So you've gotten over Yeezus, or at least gotten over talking about Yeezus. Same. What to slap now? Weeell, there's the mellow boom-bap and left-field weirdity of LA MC zeroh and his Bred release, or Yessir Whatever, the new collection of odds and ends from the always-entertaining Quasimoto. Mac Miller's dope Watching Movies with the Sound Off (featuring cats like Flying Lotus, Earl Sweatshirt, and Ab-Soul) is making surprised new fans out of his former haters, self included. Even still, hearing somebody rap about fentanyl is unnerving—get off that brush.

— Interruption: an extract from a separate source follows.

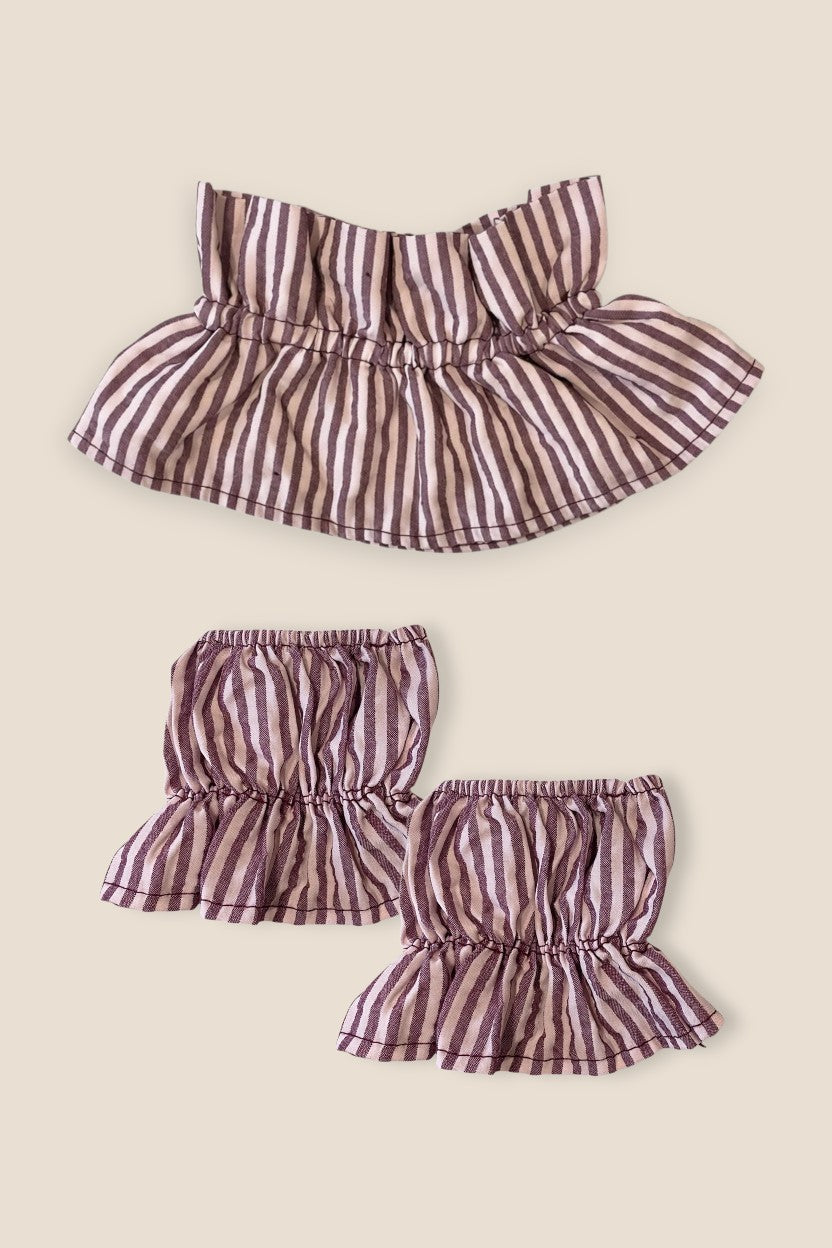 CUELLO Y PUÑOS RAYAS ROSA - ONCE28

That said, Freddie Gibbs's ESGN will satisfy your cravings for the finest in gangsta shit. There's also an ignorantly aggressive new song from Future called "Shit," and if you do fuck with his Auto-Tuned voice-crack, you'll love the newest cats from 1017 Brick Squad—the duo known as the Migos, who made a tawdry splash with their YRN tape and the brilliant stupidity of their flu-catchy song "Versace." Maybe you hate "Versace" and the BasedGod's latest scripture, 100% Gutta, too, and post on social media wondering "when real hiphop/music is coming back," while you actively watch 106th & Park, browse WorldStarHipHop, and argue with people in real life about their level of anticipation for Jay-Z's next album. Don't despair: J. Cole's Born Sinner album was made just for you. Now, I actually don't mind Cole—unlike Wale, the Patron Saint of Rewarded Mediocrity—however, Cole's album does sport a beat from the OG Jake One, so feel free to pay for it. You should also be up on that Ketchup tape from LA's "ratchet music" architect DJ Mustard, as a couple songs feature Seattle's ace Royce the Choice, who easily steals the show on the album's closer, "Midnight Run." Maybe you're the kind of listener who can appreciate all these facets of the ever-expanding hiphop continuum, plus more. If so, say hi the next time you see me in the wind, 'cause you're my kind of folks.
Now let's have some focus somewhat closer to home—well, Tacoma, at least. You might remember me talking up Havi, who made an impression off the top as part of the group the Realest. His Purple & Gold mixtape, though it drew little press (even though that tape's titular "Black & Yellow" cover made it into daytime KUBE play), was a release way more thorough and assured than it had any reason to be. His new album, Self Portrait, is no different and should rightfully be gaining him fans up and down this coast and beyond. Havi's lyrics and flow, voice (he employs singing quite a bit), and production (courtesy hisdamnself) are all pro. His content is of the inspirational/self-examining everyman variety, though far more soulfully served than the average practitioner. He lets beats breathe, and his narratives display a rock-solid—if some-times conservative—perspective that imbues his stories of relationships and self- determination with some rare emotional subtlety. Havi's Portrait is worth your support simply off the strength of "I'm on It," an anthem that stomps mud holes between counties Pierce and King. Break!